İsviçre Federal Hükümeti (Bundesrat), Avrupa Birliği (AB) ile yürütülen görüşmeler kapsamında kişilerin serbest dolaşımına dair kritik bir adım attı. Buna göre, göçle ilgili belirli eşik değerler aşılırsa, İsviçre’nin kendi inisiyatifiyle koruma maddesini (Schutzklausel) devreye sokarak AB ülkelerinden gelen göçü sınırlayabileceği açıklandı.
Zorlayıcı koşullarda koruma mekanizması devrede
Adalet Bakanı Beat Jans tarafından kamuoyuna açıklanan plana göre, koruma maddesi yalnızca “tüm ülkeyi etkileyen ciddi ekonomik veya sosyal sorunlar” durumunda aktif hale getirilebilecek. Bu sorunlar arasında işsizlik oranlarındaki artış, sosyal yardım başvurularının çoğalması, konut sıkıntısı ve trafik yoğunluğu gibi göstergeler yer alıyor.
Jans, “Serbest dolaşım hakkı bizim için çok önemli, ancak toplumda oluşabilecek dengesizliklere karşı elimizde bir güvenlik mekanizması olması da şart,” ifadelerini kullandı.
Dört ana gösterge ve eşik değerler
Yeni düzenlemeye göre Federal Hükümet dört temel gösterge belirledi:
- AB’den İsviçre’ye net göç
- Sınır ötesi çalışanların (Grenzgänger) sayısı
- İşsizlik oranındaki artış
- Sosyal yardım alanların oranı
Bu göstergelerden herhangi biri yıl içinde belirlenen eşiği aşarsa, Bundesrat bu durumu değerlendirip, koruma maddesini uygulayıp uygulamama kararını verecek.
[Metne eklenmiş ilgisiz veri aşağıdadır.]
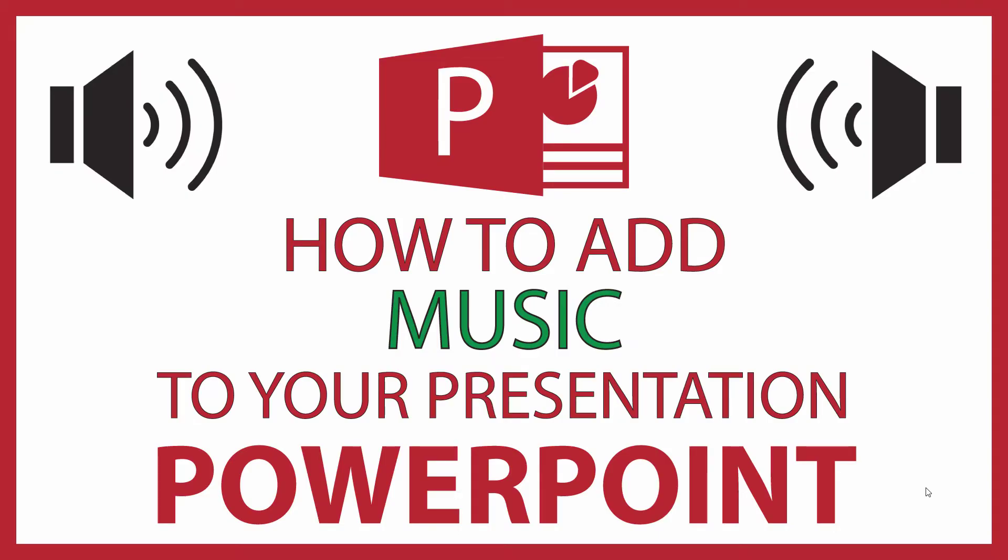This is going to be a video tutorial on how to add music to your PowerPoint presentation. I'll be using Office 365 on a desktop PC for this. Let me jump over to PowerPoint.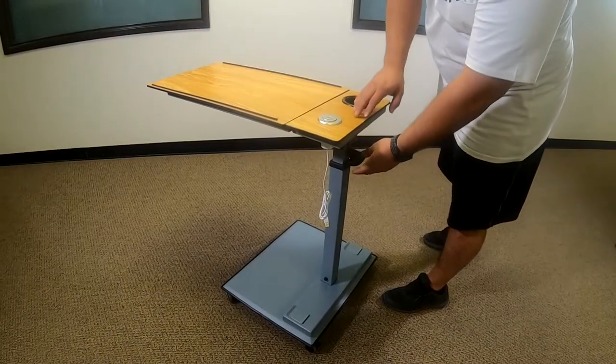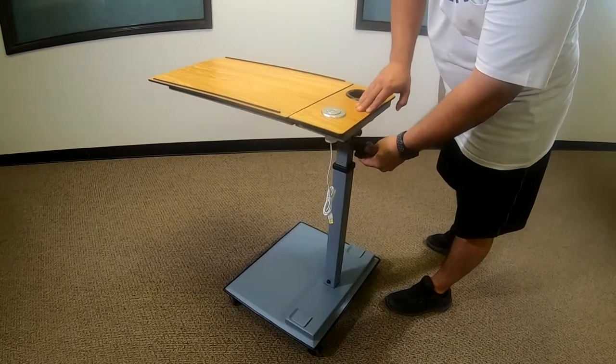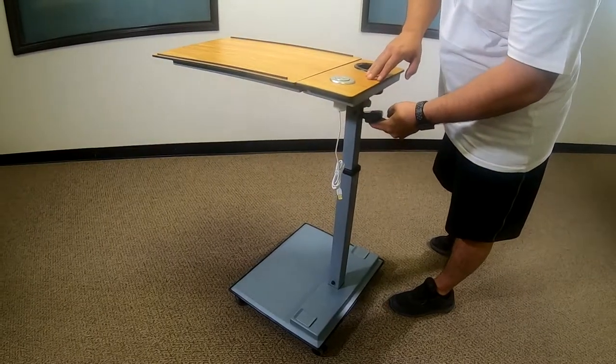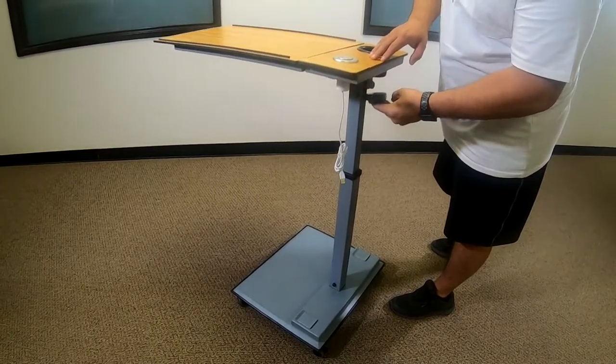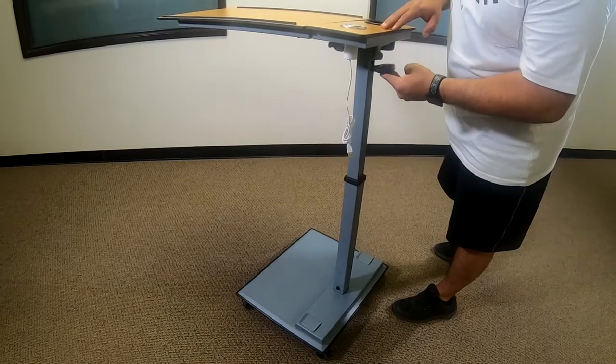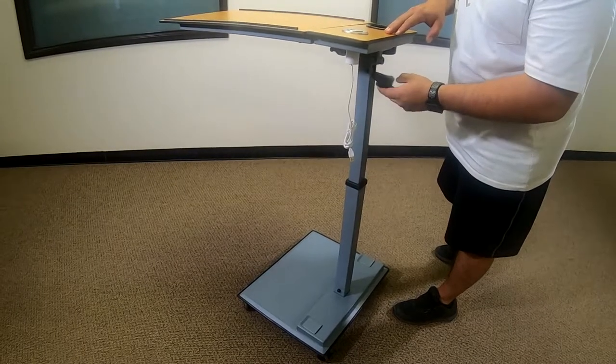To raise the table, pull up on the black lever and gently raise to the desired height. Release the lever to lock in place.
Göç Sekreteri Vincenzo Mascioli’nin verdiği bilgiye göre, bu göstergelere geçmişe yönelik uygulama yapılsaydı, 2002 yılından bu yana sekiz kez koruma maddesinin devreye alınması gerekirdi.
Brüksel'le karşılıklı önlemler mümkün
İsviçre bu adımı AB ile 2024 sonunda üzerinde mutabakata vardığı yeni koruma maddesi düzenlemesine dayanarak atıyor. Ancak bu durum, Brüksel’in de karşı önlemler alabilmesi anlamına geliyor. Örneğin İsviçre tek taraflı olarak bu sınırlamaları getirirse, AB de buna yanıt olarak yalnızca serbest dolaşımı değil, diğer bazı iç pazar anlaşmalarını da etkileyebilecek yaptırımlara başvurabilir. Tarım sektörü ise bu karşı önlemlerden muaf tutulacak.
Yasal süreç başlıyor
Bundesrat, Haziran 2025'te bu düzenlemeleri resmi olarak kamuoyunun ve ilgili kurumların görüşüne sunacak (Vernehmlassung). Ardından yasal değişiklikler Parlamento’ya sevk edilecek.
Bu gelişme, İsviçre-AB ilişkilerinde masada olan kapsamlı anlaşma paketinden önce atılan son büyük adım olarak değerlendiriliyor. Serbest dolaşım konusundaki bu esneklik sayesinde, Federal Hükümet hem iç kamuoyuna güven vermeyi hem de Brüksel'le olan pazarlıkta elini güçlendirmeyi amaçlıyor.